Jones was one of the famed Fearsome Foursome of the 1960s and ‘70s Los Angeles Rams, and the day after McGirr sacked Larry McCook and Glenn Acosta in the November general election for the two-year term on the council, the southern California native was totally into telling a reporter his love for Jones and other members of the Rams.
He recalled meeting Jones face-to-face after a golf fundraiser.
“I got down on my knee and interrupted his lunch,” McGirr said. “His wife gave me the stinkeye, but I didn’t care—I was talking to Deacon Jones.”
McGirr was about 40 years old at the time.
The little boy that lights up in the body of a mid-50s man takes his place in public life beginning tonight when he is sworn in as a councilman privately prior to a special council meeting at 5:30 p.m., and again for the public’s benefit at the regularly scheduled meeting that begins at 7 p.m.
“There’s only a handful of people I’d embarrass myself to that extent for,” McGirr said. “Roman Gabriel and Bruce Springsteen are the other two.”
What McGirr won’t do is embarrass himself in his new role. Even though the agenda for tonight’s meeting is light, he has been boning up on the issues while working his fulltime job as an attorney—which has taken him to Bakersfield a couple of times the last week.
And he thought he was busy during the election.
Though he ran in tandem with council veterans Tony Beall and Carol Gamble—who also won easily in the election—McGirr said he’s not in anyone’s hip pocket.
“I’m going to be an independent voice,” he said. “There will be times I will disagree with Tony and Carol, and vice verse, or I will agree with them and they’ll say ‘You’re part of the old guard.’ I’m going to do what I think is right. If they want to vote me out in two years they can do it. But I want to do right by this city, and if someone gets ticked off at me, that’s OK. My decisions won’t be based on politics or who I know.
“I didn’t do this so I could be someone’s pawn. That’s not going to happen.”
Beall agreed. They have known each other a long time but weren't social pals when Beall asked McGirr at the last minute to be his appointment to the Planning Commission two years ago.
"Brad has experience as a judge pro tem, so he’s used to making tough decisions under pressure and will dispassionately but fairly look at the facts, apply them to the applicable law and make a decision regardless of who yells the loudest—and that's not always easy," Beall said. "But he has experience doing that. He'll let people know the reason for his decisions in a clear manner. I really look forward to working with him."
McGirr said there is no substitute for meeting people face to face in an election campaign, but it “was grueling.” When it was over, when he could resort to picking up signs—he's compulsive about litter and sign clutter—he said he was relieved.
But the overriding feeling was one of humility.

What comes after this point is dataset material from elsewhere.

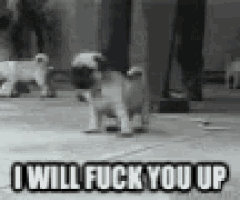 a pug puppy is standing on the ground with the words `` i will fuck you up '' above it .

He said he was humbled by the responsibility that his neighbors had given him the most important thing they possessed: Their trust.
A resident in Rancho Santa Margarita since 1986 who figures he's coached or coached against just about every teenager in town—he's really big on volunteerism—McGirr said the election process was a grand learning experience.
“I learned everyone has a dog,” he said, laughing. “I was surprised how many people have lived here a long time. It was very rare that I met a person with a specific complaint.
“I learned that people love this city. They don’t want to see it disparaged. I’m going to do them proud.”